Stap 3

Aardbevingen in de atlas

Veel informatie over aardbevingen kun je terugvinden in de atlas.
Je kunt er bijvoorbeeld vinden waar aardbevingen voor komen, maar ook wat voor type plaatgrenzen er zijn en in sommige gevallen de sterkte van de aardbevingen op de schaal van Richter.

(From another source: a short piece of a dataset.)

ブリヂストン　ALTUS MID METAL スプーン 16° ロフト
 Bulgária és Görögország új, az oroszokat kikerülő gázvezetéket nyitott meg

In deze stap ga je aan de slag met aardbevingen in de atlas. Vergeet niet te kijken in het trefwoordenregister!
(54e editie)

Vraag 1:
a) Welke symbolen worden in de atlas gebruikt voor type plaatsgrens, epicentrum aardbeving en sterkte van aardbevingen?
b) Bekijk kaartnummer 212-213. Noem 5 landen waar vaak aardbevingen voor komen.
c) Vergelijk nu kaartnummer 216B en 216D met elkaar. Verklaar aan de hand van deze kaarten waarom juist daar veel aardbevingen voorkomen.

Vraag 2:
Gebruik de kaarten 216B en 216D.

a) Bekijk waar de meeste zware (catastrofale) aardbevingen voorkomen.
Wat is het verband tussen het type plaatbeweging en de aanwezigheid van catastrofale aardbevingen?
b) Leg uit waarom er op de plekken waar veel (zware) aardbevingen voor komen, ook (in de meeste gevallen) veel vulkanen aanwezig zijn.
 

Vraag 3:
Vulkaanuitbarstingen onder de gletsjer Eyjafjallajökull op IJsland in maart en april 2010 hebben geleid tot overstromingen (door het abrupte smelten van de gletsjer) en evacuaties op IJsland. Ook was er een grote verstoring van het Europese vliegverkeer door een grote vulkanische aswolk tot meer dan 8 kilometer hoogte. Deze aswolk verspreidde zich over grote delen van noord - en west Europa (zie afbeelding).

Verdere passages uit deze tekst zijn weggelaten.